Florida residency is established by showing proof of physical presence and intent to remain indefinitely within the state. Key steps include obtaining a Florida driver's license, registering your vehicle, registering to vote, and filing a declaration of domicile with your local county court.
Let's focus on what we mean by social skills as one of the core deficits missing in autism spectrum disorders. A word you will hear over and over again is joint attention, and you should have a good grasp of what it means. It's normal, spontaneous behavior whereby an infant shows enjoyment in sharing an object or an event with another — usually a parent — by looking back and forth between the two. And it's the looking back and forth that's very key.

==

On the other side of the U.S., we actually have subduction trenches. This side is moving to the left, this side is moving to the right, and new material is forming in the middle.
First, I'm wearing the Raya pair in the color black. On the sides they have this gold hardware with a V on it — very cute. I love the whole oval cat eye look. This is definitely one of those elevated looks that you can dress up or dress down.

...

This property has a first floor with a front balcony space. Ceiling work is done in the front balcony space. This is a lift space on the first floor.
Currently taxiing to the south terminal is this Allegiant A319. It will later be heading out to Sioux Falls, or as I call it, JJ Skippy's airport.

#### [What to produce]
Using the entries above, give again exactly the lines from the line holding "This property has" through the line holding "Currently taxiing to". Include both end lines and nothing else.

#### [Your response]
This property has a first floor with a front balcony space. Ceiling work is done in the front balcony space. This is a lift space on the first floor.
Currently taxiing to the south terminal is this Allegiant A319. It will later be heading out to Sioux Falls, or as I call it, JJ Skippy's airport.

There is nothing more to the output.